Wenn man jetzt noch davon ausgeht, dass bei der Umfrage der Jubiläumsausgabe des Eltermagazins «Fritz + Fränzi» bei der Frage, was der negativste Aspekt des Begriffs «Familie» sei, 40 % der Befragten Stress angegeben haben, muss befürchtet werden, dass es in ein paar Jahren einige Demenzkranke in den Reihen meiner Generation geben wird, oder die Familien aussterben werden.
Neben unserm Beruf, unserer Haus-, Erziehungs- und Sozialarbeit müssen wir uns ja auch mit der Politik beschäftigen, insbesondere während einer Legislaturperiode, wollen wir nicht zur schweigenden Mehrheit bei den Wahlen gehören. Doch das ist ja gerade der wunde Punkt: Nicht so sehr Desinteresse an der Politik, als vielmehr Überforderung ist der Grund, warum sich viele nicht oder zu wenig mit Wahlthemen beschäftigen. Denn: Überforderung bedeutet Stress.
Die Eidgenössischen National- und Ständerats-Wahlen stehen heute an, eine Menge Listen mit bekannten und fremden Namen kamen im Abstimmungscouvert von der Staatskanzlei des Wohnkantons ins Haus geflattert mit vorgeschlagenen Parteien, von denen viele noch nie gehört haben und beim Lesen derer Namen eher an „Die Meuterei auf der Bounty« denken als an eine Partei. Und was gewiss von der Bundeskanzlei gut gemeint war und dem mündigen Bürger bei der Wahl der Kandidaten und der Parteien helfen soll, gleicht wohl eher einem Rezept-Büchlein von Betty Bossi als einer effektiven Hilfestellung zu einem komplexen Thema in einem relativ unüberschaubaren Irrgarten.
Die beigelegte Broschüre der Bundeskanzlei, eine kleine Staats- und Wahlkunde für die Nationalwahlen 2011, ideenreich und kreativ, soll uns das Wählen schmackhaft machen. «In der Kürze liegt die Würze» , heisst es denn auch, präsentiert die Parteien mit Kulinarischem und Rezepten, witzigen Redewendungen, Assoziationen und Allegorien.
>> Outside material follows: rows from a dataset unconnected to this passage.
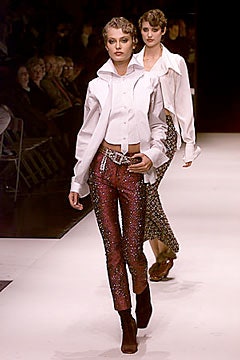 Gianfranco Ferré F/W 00 Look 61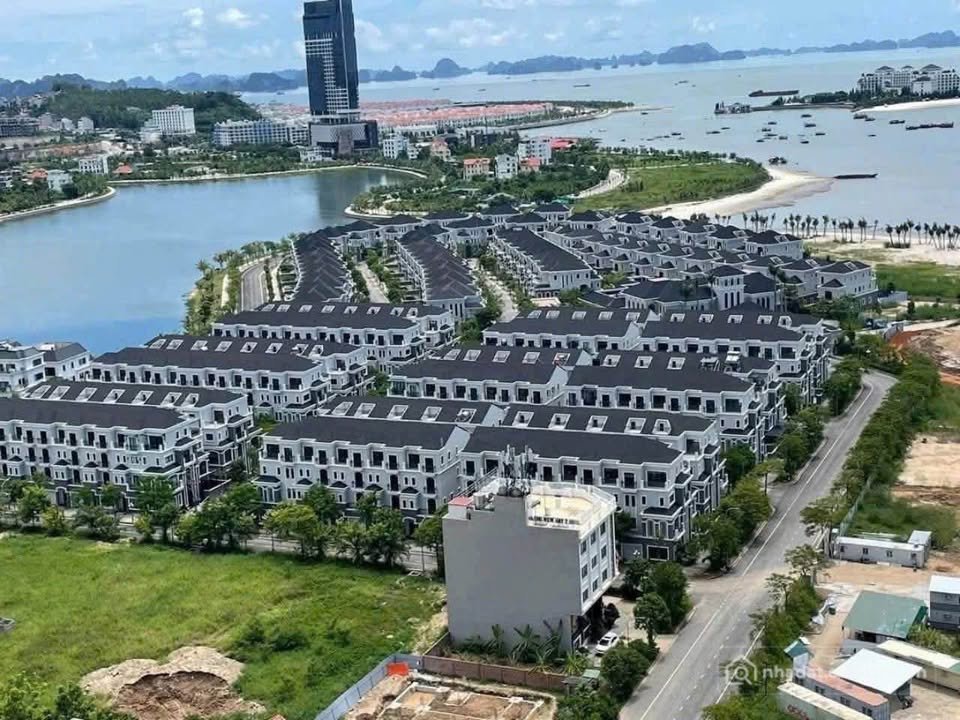 Bán đất thổ cư: Cần bán gấp ô đất quy hoạch liền kề sau Kiểm Toán, đường Marina,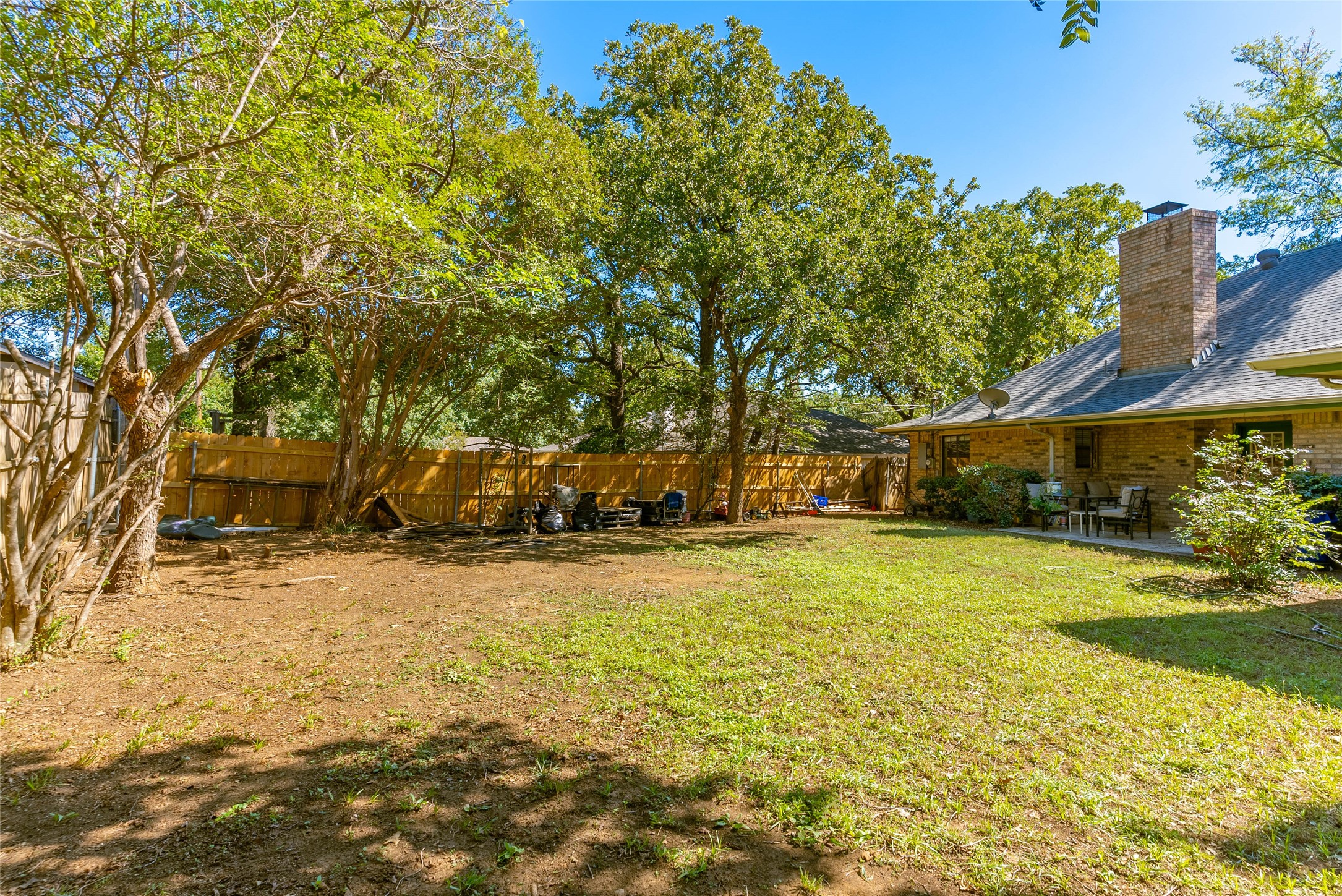5201 Rustle Leaf Drive Arlington TX 76017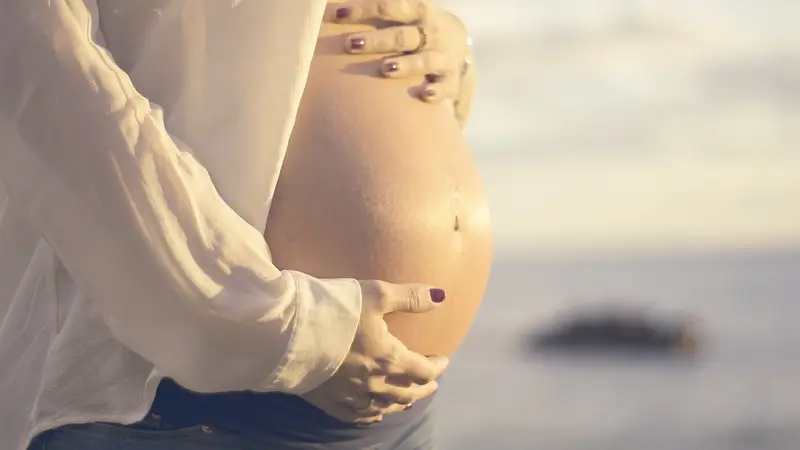 Las expertas alertan: cuidar la salud mental de las madres durante el embarazo es esencial para el bebé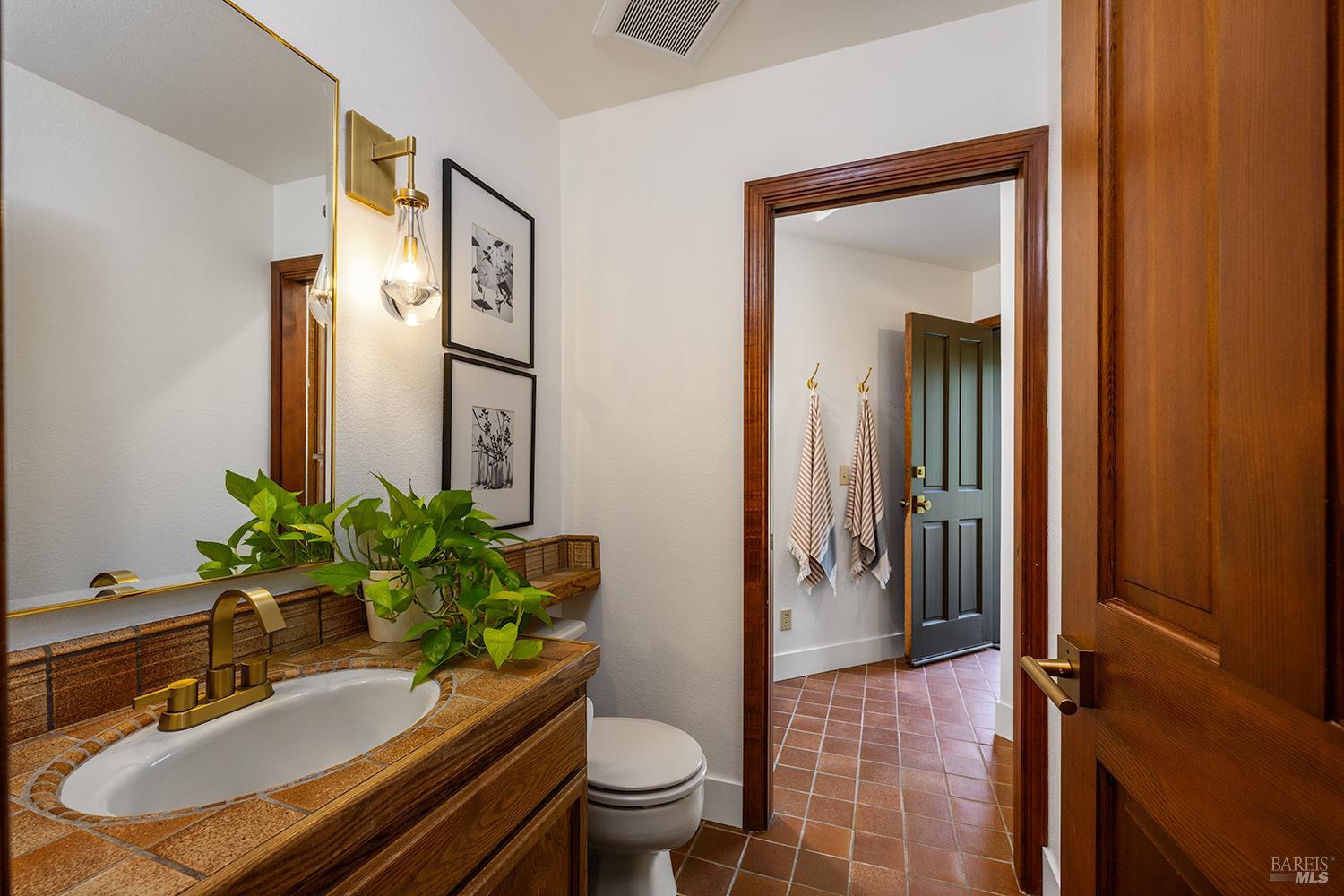 Property photo 40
Wäre wirklich ein gelungener Werbegag, wenn es nicht um wichtige Wahlen ginge. Weniger tauglich als Instrument für bedeutsame Entscheidungsprozesse, für die es mehr als nur bescheidene Grundkenntnisse über das politische System bedarf.
Die präsentierten Menüs «zur leichten Verdauung» sind in der politischen Realität alles andere wie leicht verdauliche Kost, genauso wenig wie die Fertigpizza auf Seite 23, die auf das «Panachieren« und Kumulieren» hinweist.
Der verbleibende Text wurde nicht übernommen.